Welcome to WebmasterWorld Guest from 22.214.171.124
Forum Moderators: open
I'm being hit very hard by google's freshbot at the moment, and going deep too. At first glance at what is currently going on with the little guys, I had to check and double check that the IP's were 64.... (they are).
It's behaviour, in terms of hard hitting and depth of crawl (it's going through the entire site) is more like the character of the old deepbot.
In fact, it's identical behaviour to deepbot the last time it crawled this site back in April.
I'm interested in hearing from others who are seeing the same.
Sorry, I'm not quite with you - can you explain a bit more?
I think you're saying that freshie is crawling pages on a site that are not linked from other pages on that site?
I don't quite follow how deepbot would have found them in April?
<EDIT: re-read your post and understand now. It hasn't followed either old-index links or other fresh links to get there, the only place could be from April deep crawl links. OK, that's interesting.....>
No, I mean that the pages fresh is getting right now can be found by crawling my site--but fresh has only got 100 or so pages, starting today. I've never seen the freshbot before.
When fresh first started crawling today she was getting pages that are 'deep' in the site, she didn't start with my home page (well she did, but the subsequent pages can't be gotten to from the home page).
So fresh must be crawling pages that deep got in April.
What you said made me revisit the logs with a slightly different view and you're absolutely right.
There are some pages for which my site is in the same boat as yours - freshie simply could not have got there by following existing fresh links.
So, this raises another "what is going on here then" type question.
Is it possible that google is using the freshbot "method" as a means of getting the April deepcrawl data into the "new" index I wonder?
I'm looking at a log that contains April data. And FB is requesting the pages in identical order sa last month.
But what isn't clear is whether or not it really is FB. It could simply be DP running from IP's that have been FB in the past.
I think things will be much clearer tomorrow. If this crawl is really part of the fresh system, we should all end up pretty happy by this time tomorrow.
It could simply be DP running from IP's that have been FB in the past.
Wouldn't that mean a lot of PC's having software switched from freshbot to deepbot? Would explain the timeframe I guess, but seems like a lot of work and I don't really see why they'd do it that way around.
As you say, we'll perhaps know more tomorrow.
My instinct is google is now using freshie as a means of introducing the April deepcrawl pages into the index rather than having to update all of the indexes to a single new build.

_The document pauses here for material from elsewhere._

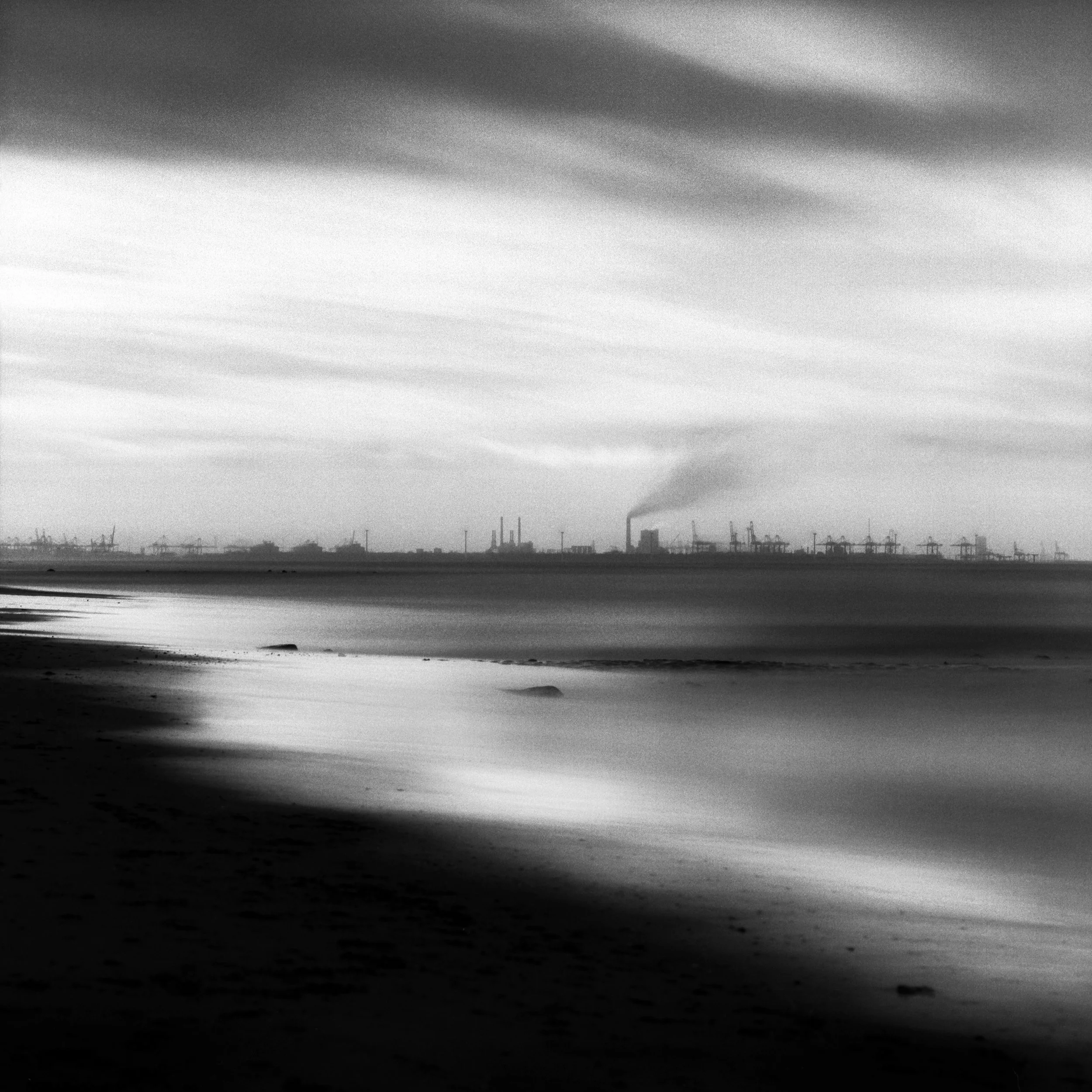 Beach, Monster, Netherlands, 2022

But heck, it's all speculation until there's a fat lady somewhere singing her heart out!
Wouldn't that mean a lot of PC's having software switched from freshbot to deepbot?
These machines would most likely do network boots. change an entry in your DHCP server, send a remote reboot and the bot machine comes up as a totally different beast.
I know for a fact that google uses PXE to network boot many of their systems. I cannot say for certain that they do it with their Googlebot machines, but if they don't, they should.
As I mentioned in another thread, I have seen several of my April deep crawl pages in the index. I had an error in my navigation bar that was only htere for a very short time during the deep crawl. I have found four of those pages "cached" in google. One of these was in before freshbot hit it yesterday.
It has not yet changed over to the freshbotted version from yesterday.
About 1/3 of my pages that I have looked at are versions that were freshbotted since the last deep crawl, and have been move in permanently. I made a change in late April that I have looked for by viewing source of the cache.
joined:Nov 20, 2000
That's the moot point... the missing data is probably the cause of the diminished quality of the Google dbase.
Just slapping the missing pages back in the index anywhere is not the issue. It's getting the quality pages ranked properly again, with a 'proper' PR and relevancy calculation.
Of course, as speculated, FB could now have the facility to acheive all that. In other words, re-ranking on the fly, without an entire (monthly) re-calcuation for the whole database.
Sadly, that's all it is... speculation. However, something has to give soon with this index in terms of the backlink data, to align with GG's comments (weeks not months: and we are weeks into this thing already)